**Items from a dataset**
----------------------------------------

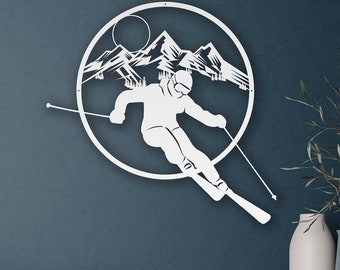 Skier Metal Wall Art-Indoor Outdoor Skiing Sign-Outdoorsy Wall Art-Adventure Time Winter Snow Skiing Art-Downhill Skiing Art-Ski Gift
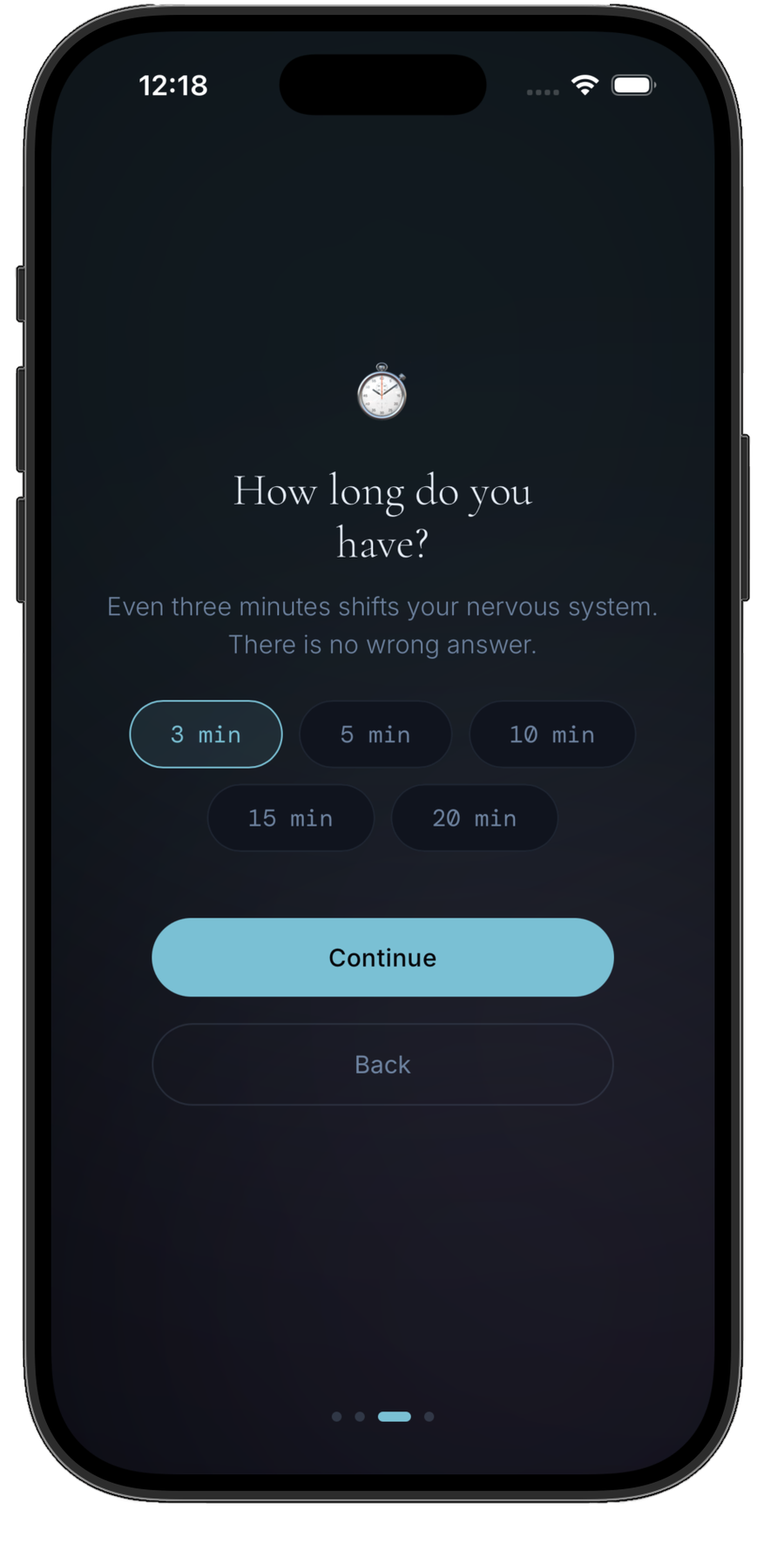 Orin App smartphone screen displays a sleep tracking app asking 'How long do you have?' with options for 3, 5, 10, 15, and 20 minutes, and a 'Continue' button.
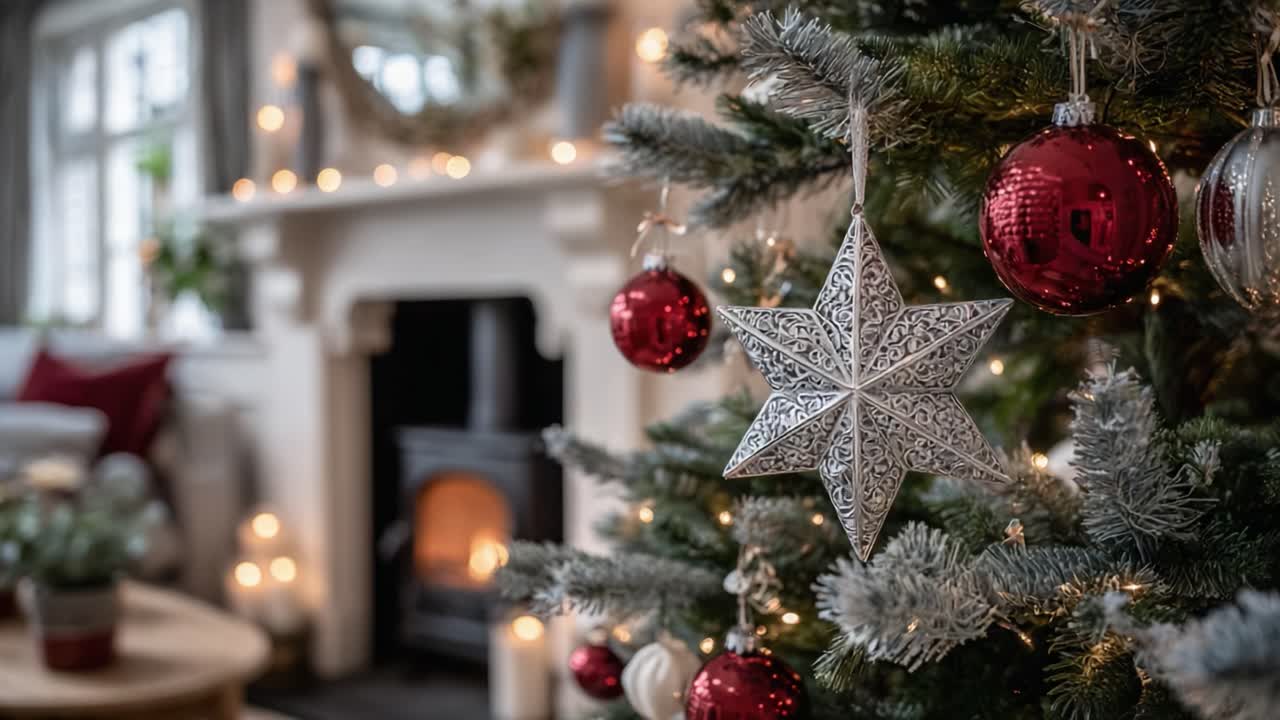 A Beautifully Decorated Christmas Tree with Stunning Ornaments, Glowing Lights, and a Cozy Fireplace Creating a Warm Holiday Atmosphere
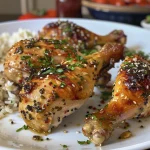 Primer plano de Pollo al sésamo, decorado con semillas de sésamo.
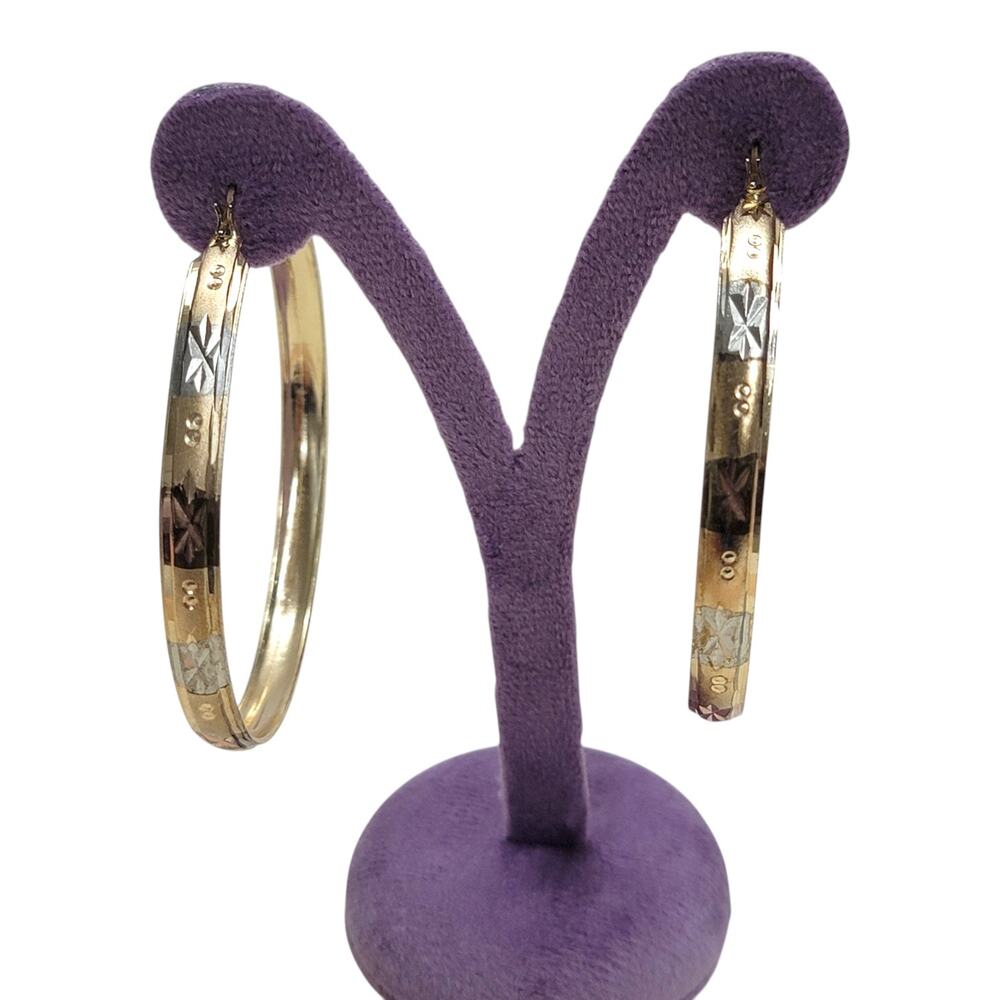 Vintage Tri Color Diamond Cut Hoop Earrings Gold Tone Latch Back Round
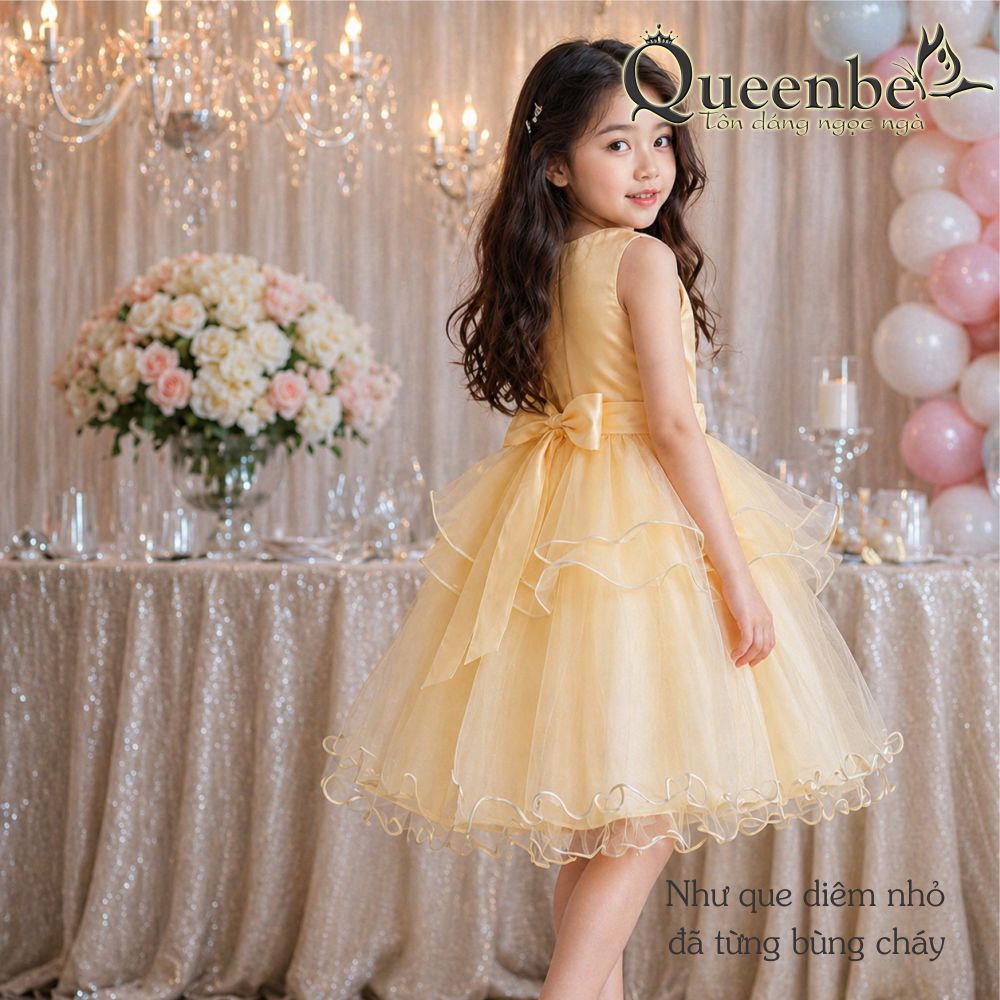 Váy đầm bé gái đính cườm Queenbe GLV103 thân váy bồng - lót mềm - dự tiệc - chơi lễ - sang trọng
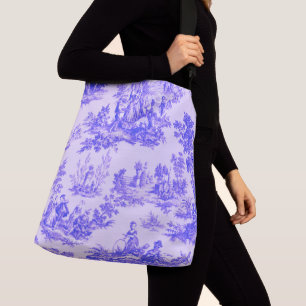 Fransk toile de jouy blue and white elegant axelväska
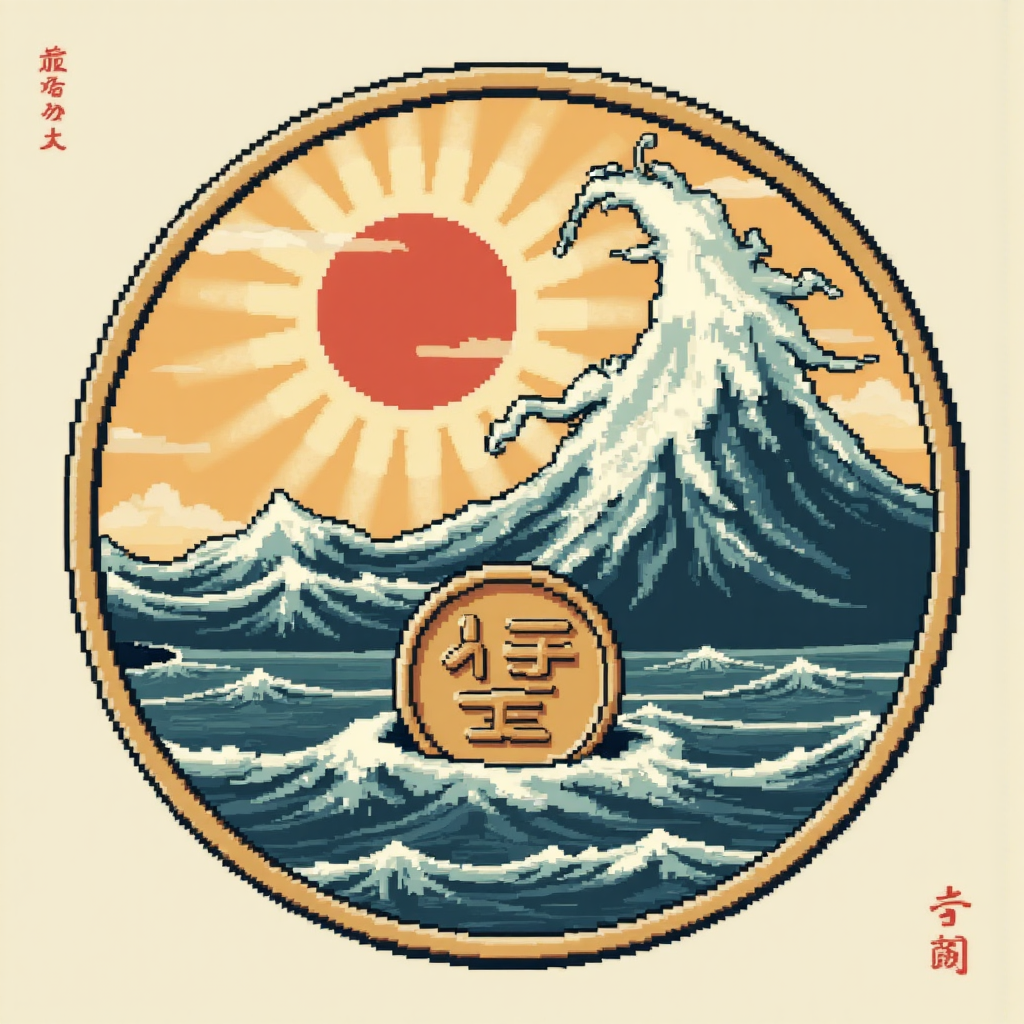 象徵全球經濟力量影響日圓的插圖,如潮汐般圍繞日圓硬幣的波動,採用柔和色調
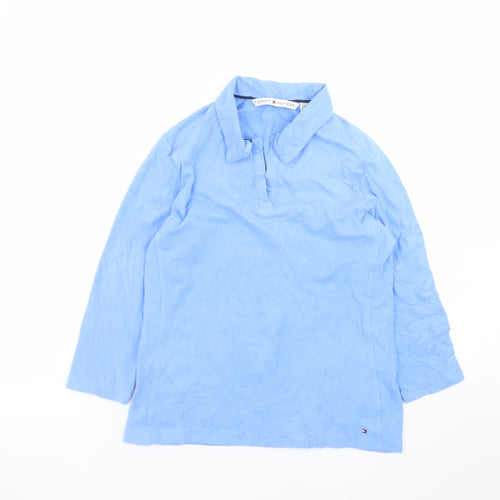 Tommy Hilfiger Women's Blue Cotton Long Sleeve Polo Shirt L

----------------------------------------

Once the pictures are removed, print all the remaining data exactly as it stands.

**Solution to this exercise**
 Skier Metal Wall Art-Indoor Outdoor Skiing Sign-Outdoorsy Wall Art-Adventure Time Winter Snow Skiing Art-Downhill Skiing Art-Ski Gift
 Orin App smartphone screen displays a sleep tracking app asking 'How long do you have?' with options for 3, 5, 10, 15, and 20 minutes, and a 'Continue' button.
 A Beautifully Decorated Christmas Tree with Stunning Ornaments, Glowing Lights, and a Cozy Fireplace Creating a Warm Holiday Atmosphere
 Primer plano de Pollo al sésamo, decorado con semillas de sésamo.
 Vintage Tri Color Diamond Cut Hoop Earrings Gold Tone Latch Back Round
 Váy đầm bé gái đính cườm Queenbe GLV103 thân váy bồng - lót mềm - dự tiệc - chơi lễ - sang trọng
 Fransk toile de jouy blue and white elegant axelväska
 象徵全球經濟力量影響日圓的插圖,如潮汐般圍繞日圓硬幣的波動,採用柔和色調
 Tommy Hilfiger Women's Blue Cotton Long Sleeve Polo Shirt L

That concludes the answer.